Thursday, August 4, 2011

boss is away! so happy... haha... oops.... think it's normal that all of us who have bosses will have this thought, no matter how high a position we are... haha... i have been confirmed! kind of expected it... well, no trying to be complacent or anything, but, i think it's more tiring to retrain someone new. am i a good employee? hell no. haha... i know myself. know that i could have given more, know that there are certain things that i need to do to assuage myself with the boss's goals, know that that to get a promotion/pay increase, etc, certain things that one need to do. however, i'm not that kind of person, never is and never will be.

am i happier? i can definitely say yes. in the sense that i know that i'm learning, albeit a little blur at times. i feel happier seeing my bank account increase. but, i feel more tired too. lesser freedom, it's something that i need to get used to. initially, i need to put in effort. now, it's more of a getting used to situation. haha... think i can control my sleepy modes much better now. my bio clock has switched significantly. from a night cat to a morning bird. well, this definitely needs alot of effort!!!

i've learnt alot from my previous work experiences. dealing with ppl especially, it's a form of art. when handled well, it can save me from alot of trouble. however, i didn't know that previously, which results in me being so easily affected by silly things. recognising that everything is because of work, i can manage my emotions better. however, complaining bitterly about my bosses is something that i will never change.

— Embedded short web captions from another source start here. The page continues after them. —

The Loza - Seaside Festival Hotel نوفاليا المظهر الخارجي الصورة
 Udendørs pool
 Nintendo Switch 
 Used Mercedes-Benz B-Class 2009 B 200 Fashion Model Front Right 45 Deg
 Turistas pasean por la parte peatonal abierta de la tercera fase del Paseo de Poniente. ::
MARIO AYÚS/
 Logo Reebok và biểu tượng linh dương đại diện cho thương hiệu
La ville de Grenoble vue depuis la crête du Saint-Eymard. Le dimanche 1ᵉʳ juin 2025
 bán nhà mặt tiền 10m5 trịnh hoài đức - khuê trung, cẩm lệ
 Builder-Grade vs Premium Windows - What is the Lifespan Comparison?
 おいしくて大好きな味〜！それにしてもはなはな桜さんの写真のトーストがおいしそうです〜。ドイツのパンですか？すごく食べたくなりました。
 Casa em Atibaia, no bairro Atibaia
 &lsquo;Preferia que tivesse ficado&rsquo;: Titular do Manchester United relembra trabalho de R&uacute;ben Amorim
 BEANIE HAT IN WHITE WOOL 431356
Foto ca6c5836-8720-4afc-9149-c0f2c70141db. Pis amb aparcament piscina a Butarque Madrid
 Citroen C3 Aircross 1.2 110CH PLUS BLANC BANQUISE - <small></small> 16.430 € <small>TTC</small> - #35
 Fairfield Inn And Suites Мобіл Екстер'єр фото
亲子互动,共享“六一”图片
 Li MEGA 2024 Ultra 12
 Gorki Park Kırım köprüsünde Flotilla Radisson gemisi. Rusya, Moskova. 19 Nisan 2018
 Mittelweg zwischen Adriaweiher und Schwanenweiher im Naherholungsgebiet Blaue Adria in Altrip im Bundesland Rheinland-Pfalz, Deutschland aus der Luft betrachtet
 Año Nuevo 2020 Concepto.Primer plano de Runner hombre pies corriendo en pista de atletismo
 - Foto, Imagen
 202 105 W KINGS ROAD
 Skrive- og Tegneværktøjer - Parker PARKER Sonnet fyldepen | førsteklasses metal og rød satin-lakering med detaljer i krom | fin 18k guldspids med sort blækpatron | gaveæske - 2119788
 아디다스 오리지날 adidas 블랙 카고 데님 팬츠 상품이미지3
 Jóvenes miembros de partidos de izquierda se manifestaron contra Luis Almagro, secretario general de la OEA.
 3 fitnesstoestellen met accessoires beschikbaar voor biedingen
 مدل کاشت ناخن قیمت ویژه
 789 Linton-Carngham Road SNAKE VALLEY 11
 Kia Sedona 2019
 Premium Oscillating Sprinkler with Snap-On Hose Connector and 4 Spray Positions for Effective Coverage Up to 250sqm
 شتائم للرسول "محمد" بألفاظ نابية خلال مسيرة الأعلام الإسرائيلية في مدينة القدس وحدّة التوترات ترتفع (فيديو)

ok! something more exciting to look forward to! gonna make the decision of my hotel venue soon! can't wait to really plan my wedding themes, outfits and all!! need help from my sisters!! haha... it's exciting, but, i so need to lose weight! hiaz, i love food so much. trying trying and trying!!

my big one is sick. so poor thing... hope he gets well soon....
he's a big softie.. hehe... always putting me first.... :)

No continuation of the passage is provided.